El ala izquierda de su partido -el laborismo está hoy firmemente controlado por el centro derecha- no sólo acusa al primer ministro de una incompetencia económica que ha acentuado la desindustrialización y puesto la cifra de parados en un techo peligroso, sino que le considera responsable por un largo etcétera político que va desde la humillante sumisión a las directrices norteamericanas hasta el patrocinio del secretismo oficial, pasando por un estilo de gobierno basado en el autoritarismo y la promoción de sus protegidos a cargos ministeriales. ¿Por qué los trabajadores deberían votar en masa a un partido que abdica diariamente de sus iniciales objetivos históricos y que desde el poder hace una política que genera desempleo y declive económico?

A la respetable edad de 67 años, James Callaghan amenaza ser enviado a su granja de Sussex sustancialmente por los mismos motivos que hicieron imposible seguir a Harold Wilson y que habían derribado antes al conservador Edward Heath: una confrontación con los sindicatos. Desautorizada explícitamente, en octubre, su política salarial en el Congreso Sindical (TUC), el primer ministro ha intentado imponer su rígido 5% a unos de los trabajadores peor pagados de Europa. Con todo lo que tiene de esquemático atribuir a un solo factor la caída en desgracia de un Gobierno -mucho más en un país de mecanismos políticos tan afinados como Inglaterra, donde el instinto va sustituyendo a la ideología a la hora del voto-, la gran mayoría de quienes consideran al laborismo perdedor el 3 de mayo lo atribuyen al grado de militancia y descontrol alcanzado por las protestas sindicales durante los últimos meses. El «excesivo poder» de los sindicatos es un punto, jaleado por la gran prensa, en el que coinciden ciudadanos de todas las opiniones políticas.

Unos sindicatos, de otra parte, que tras doscientos años de vida y cien de existencia organizada se han convertido en un formidable conglomerado de doce millones de afiliados, a veces confuso e ideológicamente contradictorio, donde existen numerosos centros de poder y en el que predominan el ritual y la burocracia. Pero como la historia reciente se encarga de mostrar, el Reino Unido es ingobernable sin su cooperación, además de ser uno de los países europeos donde se hace más patente la falta de entendimiento entre trabajadores y empresarios, una incomprensión que el príncipe Carlos atribuyó recientemente, en gran medida, al aislamiento de la clase dirigente.

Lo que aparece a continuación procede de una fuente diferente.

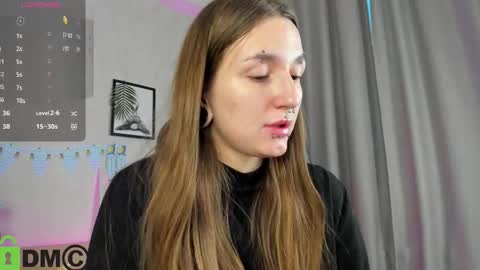Snapshot of enn_allenn chatting on 8, 10, 2025 enn_allenn online show from 8, 10, 2025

Estos hechos, conocidos, experimentados y sufridos por James Callaghan y en gran medida determinantes de su manifiesto electoral (véase su apelación básica a la concordia con las TUC), se han convertido en el elemento definidor por excelencia de la escena social británica, junto al círculo vicioso bajos salariot, huelgas, baja productividad. El mayor interés de las próximas elecciones reside en que pueden deparar a una firme partidaria de la cirugía radical, Margaret Thatcher, la oportunidad de aplicar sus belicosas convicciones a uno de los mecanismos económico-políticos más desgastados y frágiles del mundo occidental.